Eine weitere Warnung, die Digitalisierung nicht auf die leichte Schulter zu nehmen, sprach Professor Dr. Hans-Günther Rollf von der Technischen Universität Dortmund aus. So leicht wie nie mache es die Digitalisierung, falsche Informationen, „Fakenews“ also, zu verbreiten. Trotzdem warnte Rollf ebenso davor, den nächsten Schritt der Modernisierung aus dem Bildungsbereich außen vor zu lassen. „Wissen muss als neuer Produktionsfaktor gesehen werden – Bildung ist auch der einzige Produktionsfaktor, der sich durch das Teilen vermehren lässt.“ Aber auch Professor Rollf warnte davor, es in Zeiten der Digitalisierung ohne entsprechende Werteerziehung zu versuchen. „Hier müssen neuen Wege gegangen werden.“ Gerade als Schule in kirchlicher Trägerschaft, ergänzt Schulleiter Christoph Müller, sei das ein zentraler Punkt. Die neuen Medien seien sinnvolle Tools, die Partizipation an wissenschaftlichen, beruflichen und gesellschaftlichen Prozessen ermöglichen – aber eben auch nicht mehr. „Es geht nach wie vor und umso mehr um Persönlichkeitsentwicklung im sich gegenseitig bedingenden Spannungsfeld aus Individualität und Sozialität“, so der OStD.

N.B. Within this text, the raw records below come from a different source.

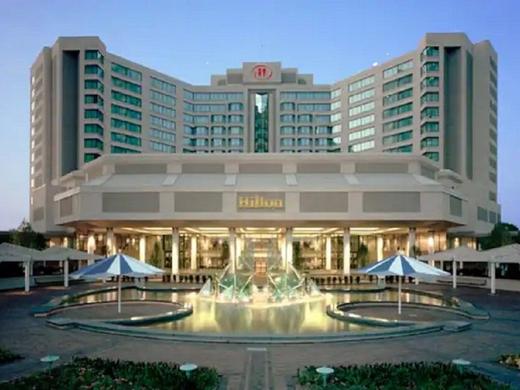 Hilton East Brunswick Hotel & Executive Meeting Center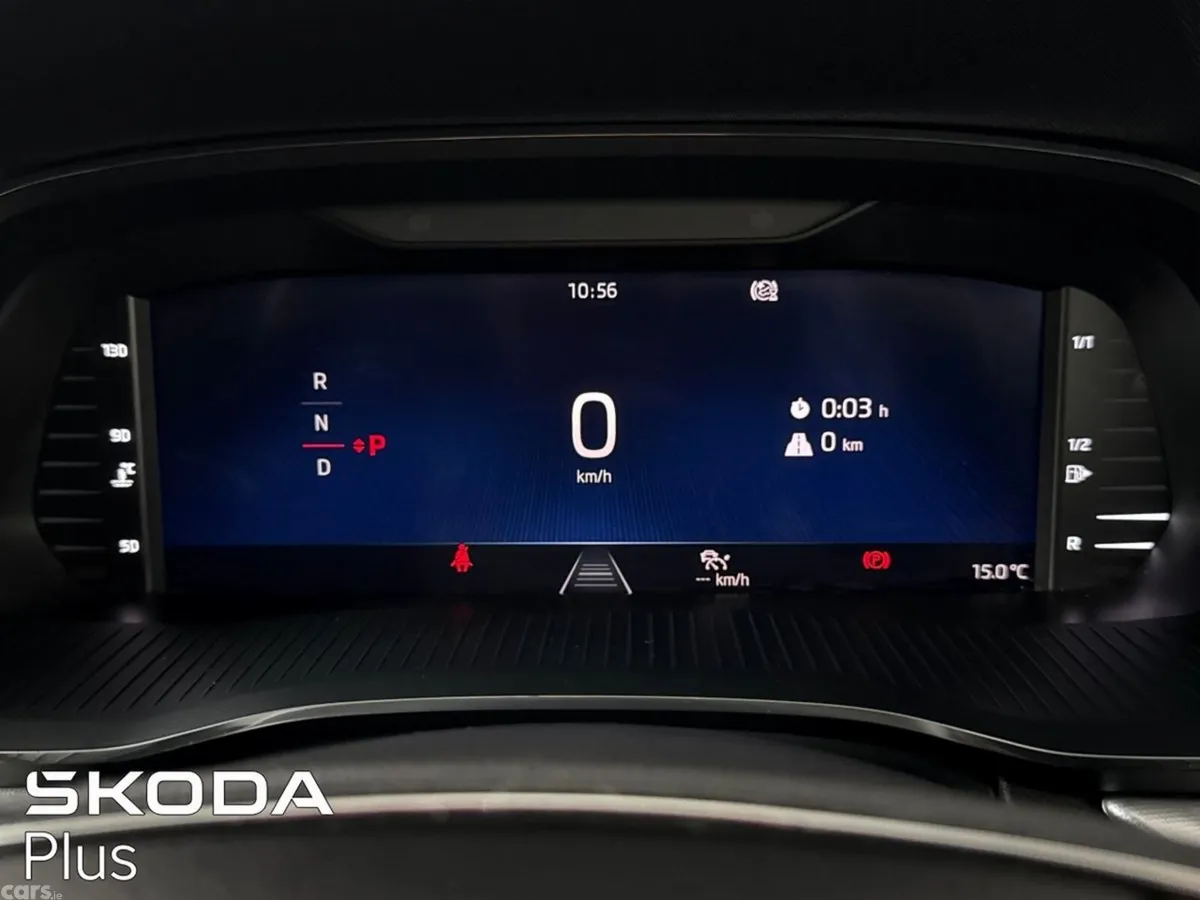 Skoda Octavia Saloon, Diesel, 2022, Blue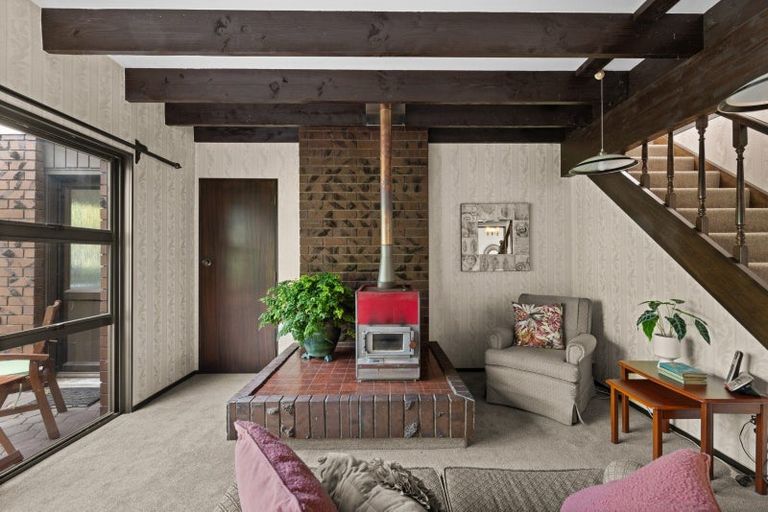 Photo of property in 15 Corwen Place, Mayfair, Hastings, 4122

Als „Welle, die auf die Gesellschaft zurollt“ stellte Professor Dominik Petko, Professor an der City University of Hong Kong, die Digitalisierung dar. Die Frage, die sich hier stellen muss, ist, „was in den Schulen passiert, ob auch hier kein Stein auf dem anderen bleibt?“ Entscheidend werde nach Meinung von Professor Petko sein, dass es nicht um die Quantität gehen werde, „sondern dass die Qualität“ von Lehren und Lernen stimme. „Hier wird sich auch didaktisch etwas ändern muss, wir dürfen nicht alten Wein in neuen Schläuchen verkaufen.“

Abgerundet wurden die vielen Vorträge, etwa auch von Professoren aus Hongkong, Kalifornien oder Melbourne, durch zahlreiche Workshops, die Lehrer, Schulleiter und auch Studenten aus aller Welt in Zug abgehalten hatten. Beispielsweise stellte Monika Schraner Küttel von der Pädagogischen Hochschule Zürich neue Ansätze für den Themenbereich Medien und Informatik vor. Und auch sie stellte heraus, dass es mittlerweile nicht mehr darum gehe, Medien zu nutzen, „sondern diese zum Lernen zu nutzen.“ Und dafür gibt es in der Schweiz bereits sieben Handlungsfelder, die für alle Schüler verpflichtend im Lehrplan stehen. Doch auch europaweit haben sich die Länder auf eine ähnliche Verpflichtung  geeinigt, genannt „digital competence framework for citizens“. In Deutschland wird eine ähnliche Verpflichtung ab dem Schuljahr 2017/18 für alle Neueingeschulten eingeführt, wusste Schraner zu berichten. „Insgesamt wird es wichtig, den Schülern immer mehr aufzuzeigen, was sie im Bezug auf die Digitalisierung schon können.“

Ganz andere Themenstränge befassten sich etwa mit der Wirkungsweise von Erweiterten Schulleitungen, aber auch neuen Ansätzen für Führungspersonen generell. Hier war der Tenor, dass es immer mehr um den Aufbau und die Pflege von Netzwerken gehen wird. Denn erst solche Kooperationen bieten den Schülerinnen und Schülern die Möglichkeit, teilzuhaben an der Globalisierung der Internationalisierung, die – bei aller Regionalität – nicht mehr aufzuhalten ist.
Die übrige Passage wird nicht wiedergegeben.